Cues on the domestic front are not too encouraging either. The IL&FS default has placed the entire NBFC community in a sticky situation; due to the meltdown, these companies are facing a tough time raising money. The trade deficit and current account deficit are reaching worrisome levels. The rupee has weakened, trading near 74/$ levels, while the bond yields crossed the 8% mark. In the midst of all this, there are some serious concerns over corporate governance in India. It is against this background that Muhurat trading will be conducted for Samvat 2075. So, do you need to tweak your strategy? We cover three sectors to buy into and one big sector to avoid.
Buy into consumption companies; especially rural consumption
Consumption companies, especially those dealing in the FMCG and two wheelers sectors, have a lot going for them. Price wars are over, and top-line growth is finally improving, touching double digit rates. Implementation of GST has added that extra layer of alpha in these stocks as it will probably substantially improve their allocation efficiency in the coming years. GST has been very favorable to food companies, and these are likely to thrive, notwithstanding their richer valuations. Within consumption stocks, you must look at sub-themes like rural consumption. With MSP fixed at an assured 150% of the cost of production and MSP benefits extended to rabi crops too, there is going to be a substantive shift in rural purchasing power. Consider focusing on companies that deal on the input-end, such as hybrid seeds, agrochemicals, fertilizers, and drip irrigation, among others. Further, the secondary demand for sectors like FMCG, white goods, and two wheelers will also be in focus. The real traction could be at the convergence of rural demand and consumption.

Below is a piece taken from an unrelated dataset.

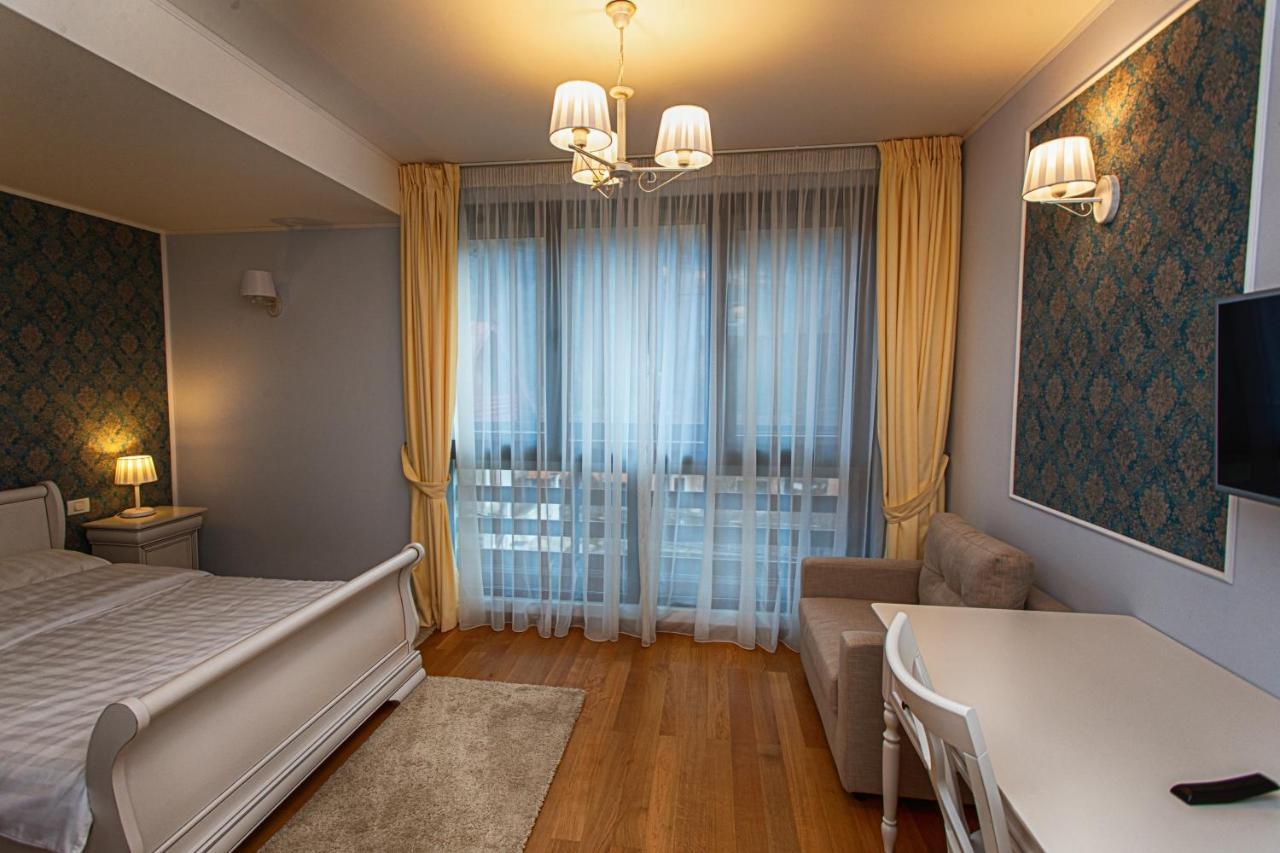 Bed and Breakfast Vila Imperial Сіная Екстер'єр фото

Buy into PSU banks and select NBFCs
Sounds a tad hard to believe, but PSU banks could be the surprise package for the next year. There are quite a few positives to be considered. Profitability and growth are back as signified by the quarterly numbers of Union Bank and BOB. Additionally, the NCLT will most probably deliberate to write-back nearly Rs1 lakh cr for Indian banks in the form of money recovered from defaulting companies via the IBC mechanism. This could be a big boost for NBFCs, having a multiplier impact on credit creation. You need to be a little more discerning with respect to NBFCs. Focus on consumer finance companies that could probably be the leaders of the consumption demand success story. Also, they have less to worry about on the maturity mismatch front.
Buy into the intra-sector differentiators for value expansion
What is an intra-sector differentiator? There are companies within the same sector, which are performing on a different set of economics altogether. Within NBFCs, there are those that fund long-term assets with short-term borrowings. That is a balance sheet limitation. However, there are scores of NBFCs that borrow and lend at the short end only. Businesses like that of IL&FS are preparing for a disaster. Within real estate, there are companies that are hungry for cash and also companies that are reducing their debt. This is the time to be selective as you are not only playing on performance but also on the relative re-rating of these stocks. The differentiators could be the big story for Samvat 2075.
Avoid companies that have lax corporate governance standards
During the last one year, one thing was certain: The market will punish any company that showed laxity in corporate governance. Whether it be the group company shenanigans of IL&FS, poor disclosure practices of Infibeam, the deteriorating working situation of Manpasand Beverages, or the dubious investments of Vakrangee, the market is going to be ruthless. Don’t even try to do any type of value-digging in these companies. Most of the stocks enumerated above have lost over 80% of their value in no time, and even from these levels, value destruction could be immense.
As muhurat trading heralds a new Samvat 2075, don’t just go for the stop tips and trading ideas. Look for stocks that fit into these themes. Do this and you could be truly laughing all the way to the bank by the time Samvat 2076 commences!